Ketiga, pembuktian ujaran atau tulisan yang diduga memuat konten pencemaran nama baik secara bahasa, khususnya aspek semantiknya. Kajian ini masuk ke dalam ranah lingusitik forensik yang membedah sebuah kejahatan dari sisi bahasa. Pembuktian ini sangat penting karena ada kalanya konten yang diduga berisi muatan pencemaran nama baik seringkali tidak secara langsung menyebut objek yang menjadi tujuan ujaran atau tulisannya. Seringkali para pembuat konten menggunakan kiasan walaupun tidak seluruhnya. Kepekaan seorang saksi ahli bahasa sangat dituntut dalam persoalan ini. Aspek semantik yang dominan dalam penanganan sebuah konten yang diduga berisi pencemaran nama baik meliputi aspek semantik gramatikal dan semantik leksikal, komponen semantik, dan juga aspek makna lain yang selalu akan bersinggungan dengan hal-hal semantik secara umum.
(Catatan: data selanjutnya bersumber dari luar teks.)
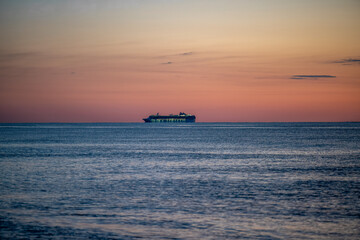 sunrise over the sea with a ship on the horizon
Seorang saksi ahli bahasa, dalam memberikan keterangan kesaksiannya, harus dan wajib mendasarkannya pada aspek-aspek kelimuan. Kita tidak boleh memiliki persepsi pribadi atas personal-personal yang sedang ditangani kasusnya. Saksi ahli bahasa, dengan menyandang kata “ahli”, harus benar-benar ahli menjadi penginterpretasi, yaitu menjadi linguis yang tidak hanya sekadar berdasar pada aspek kelimuan saja tetapi juga memiliki intuisi yang selalu berpihak pada jalan kebenaran.
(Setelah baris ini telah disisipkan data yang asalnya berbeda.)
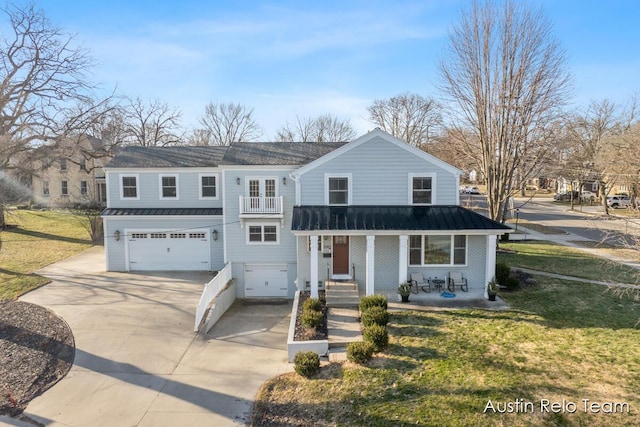 traditional-style house with a standing seam roof, concrete driveway, a front yard, an attached garage, and metal roof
Dalam setiap kasus pencemaran nama baik, posisi saksi ahli bahasa sangat strategis karena ialah yang nantinya akan menyimpulkan bahwa sebuah konten memenuhi apa yang dinamakan sebagai pencemaran nama baik atau tidak. Kedudukan yang sangat strategis tersebut adalah peluang bagi para ahli bahasa untuk berkiprah dalam bidang ini. Sayangnya di Indonesia masih sangat terbatas para ahli yang membidangi/ mendalami hal ini secara tekun. Kita berharap displin ilmu lingusitik forensik dapat terus dikembangkan di Indonesia untuk menghadapi semakin kompleks dan tingginya pemakaian media sosial di negara kita. Semoga akan banyak sumbangsih para ahli bahasa untuk kemajuan teknologi dan ilmu pengetahuan saat ini dan di masa-masa yang akan datang.
Teguh Santoso
Penulis adalah Perencana Ahli Madya PPPPTK Penjas dan BK, Bogor.